» Supplied material

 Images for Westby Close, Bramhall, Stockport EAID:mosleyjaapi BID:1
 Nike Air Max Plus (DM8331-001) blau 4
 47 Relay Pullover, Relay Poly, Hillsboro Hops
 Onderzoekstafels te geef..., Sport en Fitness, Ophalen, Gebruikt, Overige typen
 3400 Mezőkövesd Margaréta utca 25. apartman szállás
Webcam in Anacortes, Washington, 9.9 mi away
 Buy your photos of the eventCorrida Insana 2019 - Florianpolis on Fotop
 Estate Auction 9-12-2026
==
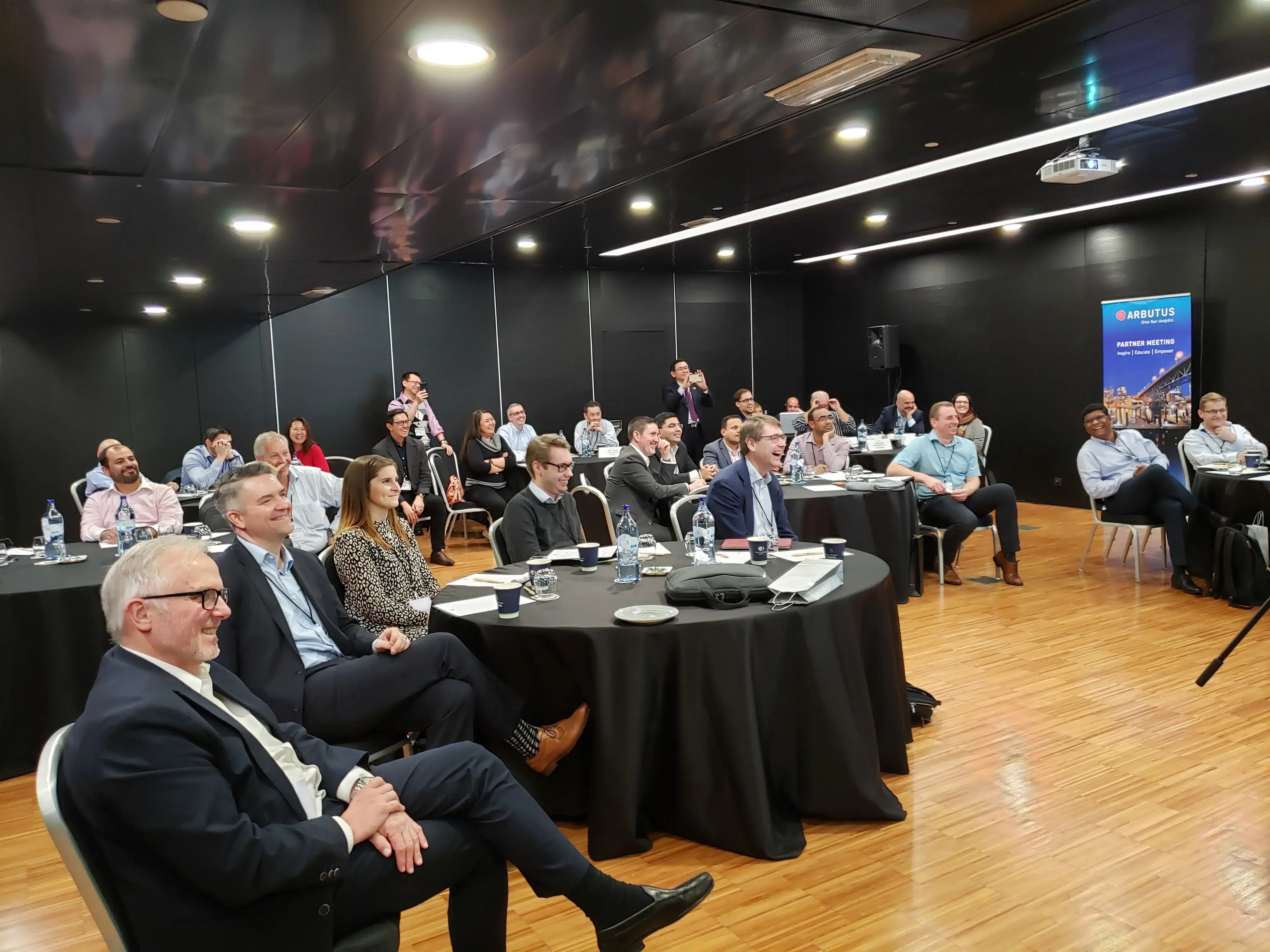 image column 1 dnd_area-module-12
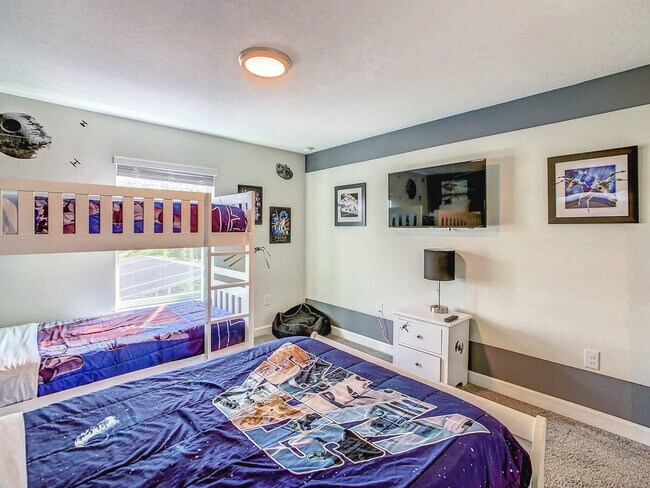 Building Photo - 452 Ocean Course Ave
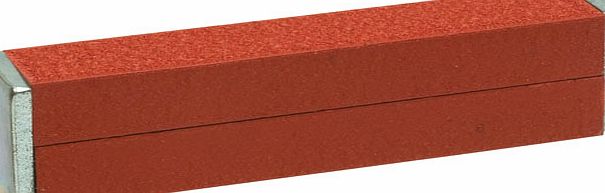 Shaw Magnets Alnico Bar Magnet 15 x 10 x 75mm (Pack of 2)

» What the exercise asks
Copy out only the lines of the records above from the one with "Nike Air Max Plus (DM8331-001) blau 4" through the one with "Estate Auction 9-12-2026", exactly as they stand, both included.

» Answer section
 Nike Air Max Plus (DM8331-001) blau 4
 47 Relay Pullover, Relay Poly, Hillsboro Hops
 Onderzoekstafels te geef..., Sport en Fitness, Ophalen, Gebruikt, Overige typen
 3400 Mezőkövesd Margaréta utca 25. apartman szállás
Webcam in Anacortes, Washington, 9.9 mi away
 Buy your photos of the eventCorrida Insana 2019 - Florianpolis on Fotop
 Estate Auction 9-12-2026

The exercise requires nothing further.